Velroyen Astrid, Bech Martin, Zanette Irene, Schwarz Jolanda, Rack Alexander, Tympner Christiane, Herrler Tanja, Staab-Weijnitz Claudia, Braunagel Margarita, Reiser Maximilian, Bamberg Fabian, Pfeiffer Franz, Notohamiprodjo Mike
Chair of Biomedical Physics, Department of Physics (E17), Munich, Bavaria, Germany.
Chair of Biomedical Physics, Department of Physics (E17), Munich, Bavaria, Germany; Medical Radiation Physics, Lund University, Lund, Sweden.
PLoS One. 2014 Oct 9;9(10):e109562. doi: 10.1371/journal.pone.0109562. eCollection 2014.
The aim of the study was to investigate microstructural changes occurring in unilateral renal ischemia-reperfusion injury in a murine animal model using synchrotron radiation.
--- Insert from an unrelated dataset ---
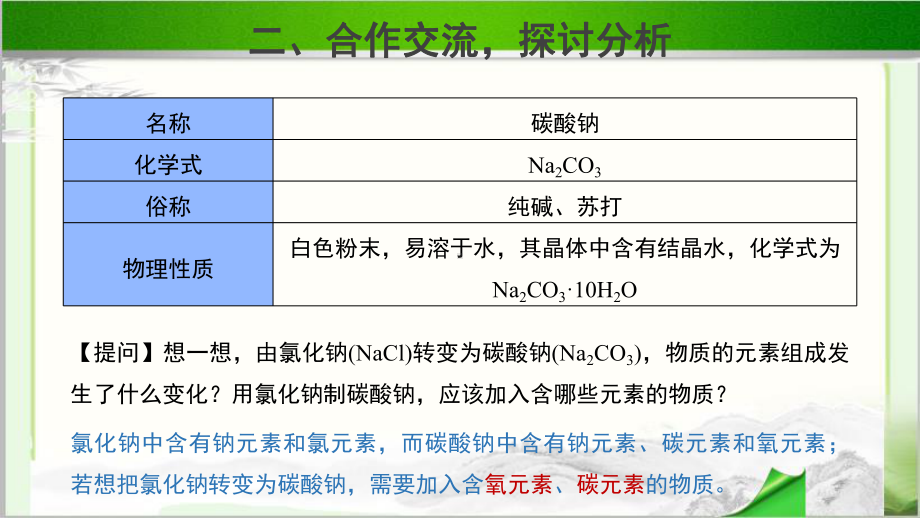 《海水“制碱”》-示范公开课教学课件（初中化学鲁教版九年级下册）.pptx_第3页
The effects of renal ischemia-reperfusion were investigated in a murine animal model of unilateral ischemia. Kidney samples were harvested on day 18. Grating-Based Phase-Contrast Imaging (GB-PCI) of the paraffin-embedded kidney samples was performed at a Synchrotron Radiation Facility (beam energy of 19 keV). To obtain phase information, a two-grating Talbot interferometer was used applying the phase stepping technique. The imaging system provided an effective pixel size of 7.5 µm. The resulting attenuation and differential phase projections were tomographically reconstructed using filtered back-projection. Semi-automated segmentation and volumetry and correlation to histopathology were performed.
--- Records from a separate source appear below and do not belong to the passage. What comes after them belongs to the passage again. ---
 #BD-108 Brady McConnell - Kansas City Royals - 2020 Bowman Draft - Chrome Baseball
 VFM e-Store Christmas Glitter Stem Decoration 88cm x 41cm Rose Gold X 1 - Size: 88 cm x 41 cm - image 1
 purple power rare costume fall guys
GB-PCI provided good discrimination of the cortex, outer and inner medulla in non-ischemic control kidneys. Post-ischemic kidneys showed a reduced compartmental differentiation, particularly of the outer stripe of the outer medulla, which could not be differentiated from the inner stripe. Compared to the contralateral kidney, after ischemia a volume loss was detected, while the inner medulla mainly retained its volume (ratio 0.94). Post-ischemic kidneys exhibited severe tissue damage as evidenced by tubular atrophy and dilatation, moderate inflammatory infiltration, loss of brush borders and tubular protein cylinders.
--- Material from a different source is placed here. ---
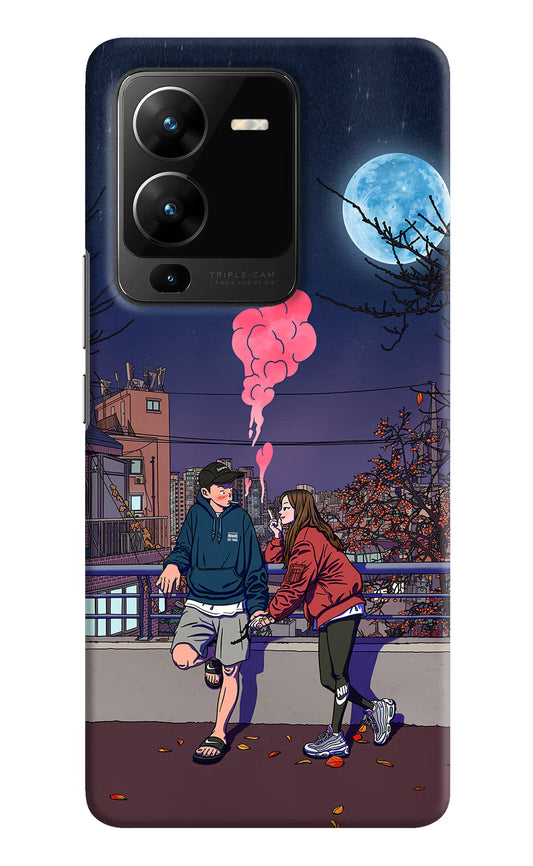 Chilling Couple Vivo V25 Pro 5G Hard Case Back Cover by Casekaro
In conclusion GB-PCI with synchrotron radiation allows for non-destructive microstructural assessment of parenchymal kidney disease and vessel architecture. If translation to lab-based approaches generates sufficient density resolution, and with a time-optimized image analysis protocol, GB-PCI may ultimately serve as a non-invasive, non-enhanced alternative for imaging of pathological changes of the kidney.
本研究旨在利用同步辐射研究小鼠动物模型中单侧肾缺血再灌注损伤时发生的微观结构变化。
在单侧缺血的小鼠动物模型中研究肾缺血再灌注的影响。于第18天采集肾脏样本。在同步辐射设施(束流能量为19 keV)对石蜡包埋的肾脏样本进行基于光栅的相衬成像(GB-PCI)。为获取相位信息,使用双光栅Talbot干涉仪并应用相移技术。成像系统提供的有效像素尺寸为7.5 µm。使用滤波反投影对所得的衰减和微分相位投影进行断层重建。进行半自动分割、体积测量并与组织病理学进行相关性分析。
GB-PCI能很好地区分非缺血对照肾脏中的皮质、外髓和内髓。缺血后的肾脏显示出分区差异减小,尤其是外髓外带,无法与内带区分开来。与对侧肾脏相比,缺血后检测到体积减小,而内髓主要保持其体积(比例为0.94)。缺血后的肾脏表现出严重的组织损伤,表现为肾小管萎缩和扩张、中度炎症浸润、刷状缘丧失和肾小管蛋白管型。
总之,同步辐射GB-PCI可对肾实质疾病和血管结构进行非破坏性微观结构评估。如果转化为基于实验室的方法能产生足够的密度分辨率,并采用经过时间优化的图像分析方案,GB-PCI最终可能成为肾脏病理变化成像的一种非侵入性、无需增强的替代方法。